If not for that, Marte would probably be in the big leagues right now.
"I was coming up that week," Marte said in Spanish. "I'm pretty sure I was going up the next day, actually."
Cory Snyder, the Tacoma Rainiers' hitting coach, told Marte to be ready for a callup right before that fateful game on May 31. Shortstop Chris Taylor was struggling in the Majors and Marte, 21, was scorching through the Pacific Coast League with a .343/.394/.434 slash line.
Then he slid awkwardly.
"It's frustrating," Marte said. "If you don't know how to handle something like that, it's the kind of thing that can force you to quit this game. But I told myself, 'No, I'm not going to let this get to me. I'm young, I'm doing my thing, it's going well, and at any moment I can come back up there.'"
Marte isn't there yet, but he returned to action with Double-A Jackson on Thursday, just in time to join Mariners pitching prospect Edwin Diaz at the prestigious Futures Game.
Marte played second base and went 2-for-2 from the leadoff spot, driving in the game's first run with an opposite-field single in the third inning before getting thrown out trying to score from second on a base hit to left field.
Diaz gave up a two-run homer to Pirates prospect Josh Bell in his two-thirds of an inning.
"He told me we'd be here," Diaz said of Marte pregame. "He told me in Spring Training, 'Let's work hard so we can get invited to the Futures Game.'"
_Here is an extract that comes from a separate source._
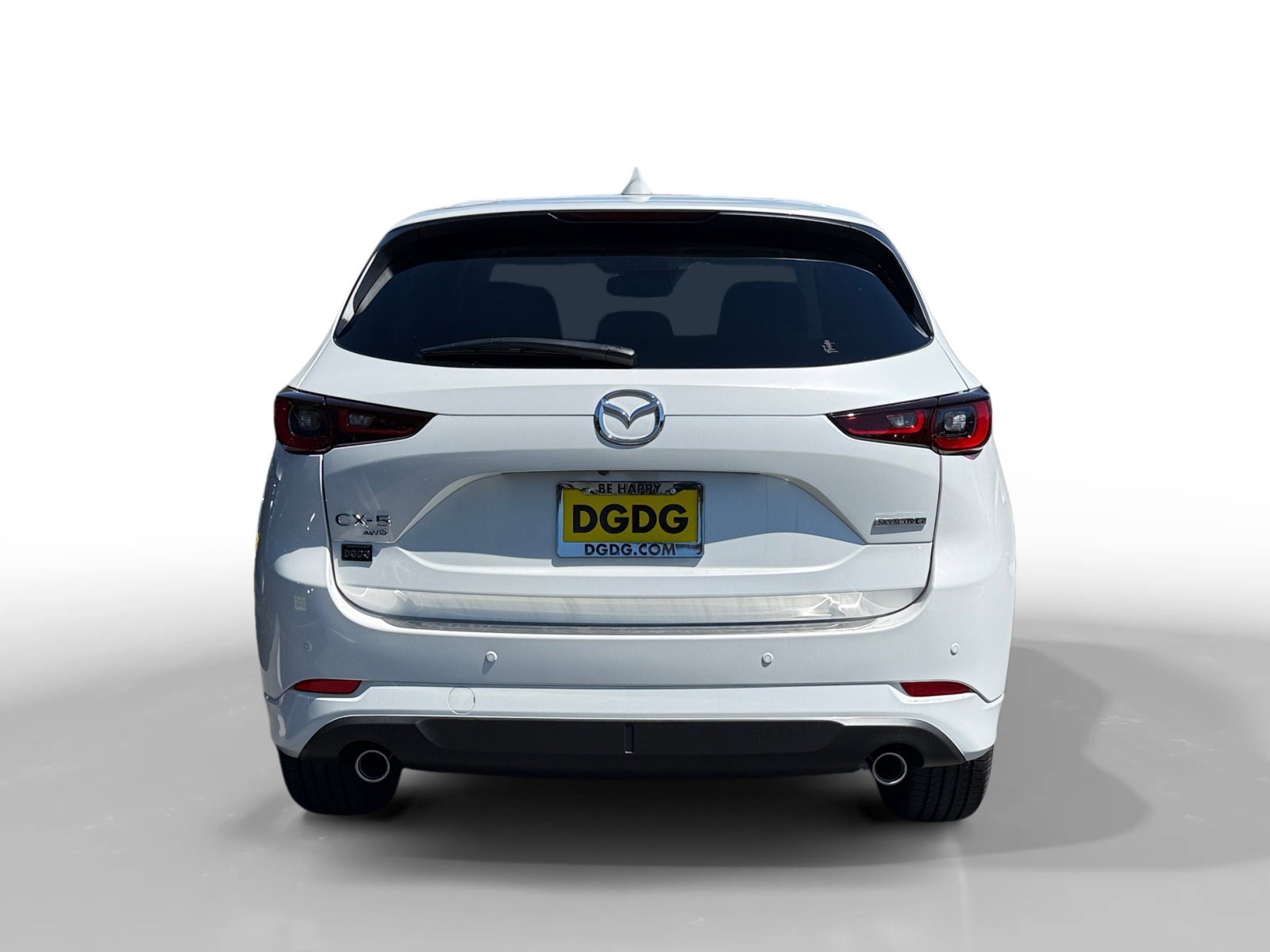 2025 Mazda CX-5 2.5 Premium Plus photo 4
In a year top prospects Alex Jackson and D.J. Peterson have struggled mightily, Marte (ranked third in the Mariners' system by MLB.com) and Diaz (sixth) have signaled hope.
Marte still needs to shore up his defense, particularly his throwing. But the 6-foot-1, 165-pound switch-hitter makes consistent contact from both sides of the plate, boasts plus speed and has drawn comparisons to Jose Reyes as a potential leadoff-hitting shortstop.
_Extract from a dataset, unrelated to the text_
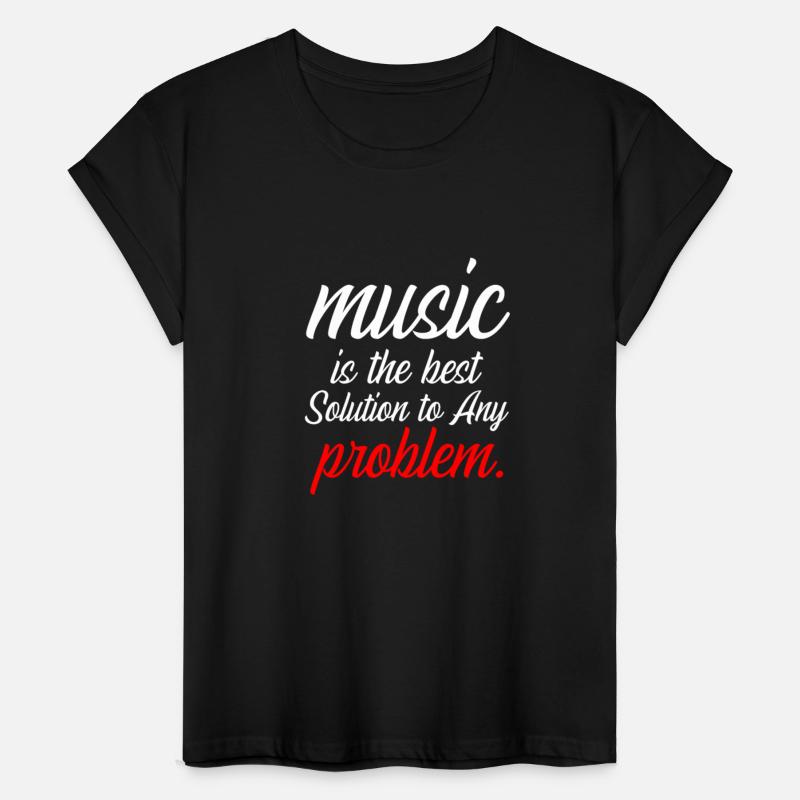 music is the Solution to Any Problem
Diaz has become the best starting-pitching prospect in the Mariners' farm system -- even though many expected him to eventually become a reliever.
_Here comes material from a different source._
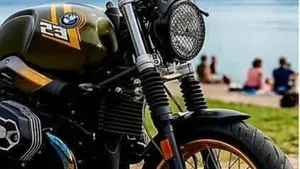 Bmw R nineT Scrambler (2021 - 24)  (2)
The 21-year-old right-hander showed flashes last year, while posting a 3.34 ERA in 116 innings at Class A Clinton. This spring, he learned an effective, four-seam grip for a changeup, went to it frequently as a legitimate third pitch, posted a 1.70 ERA in his first seven starts at Class A Advanced and earned a promotion to Double-A.
"I feel like I've demonstrated that I can be a starter in the big leagues," said Diaz, with a 4.69 ERA in 10 Double-A starts. "If the team needs me in the bullpen, I'm open to it. But I want to be a starter."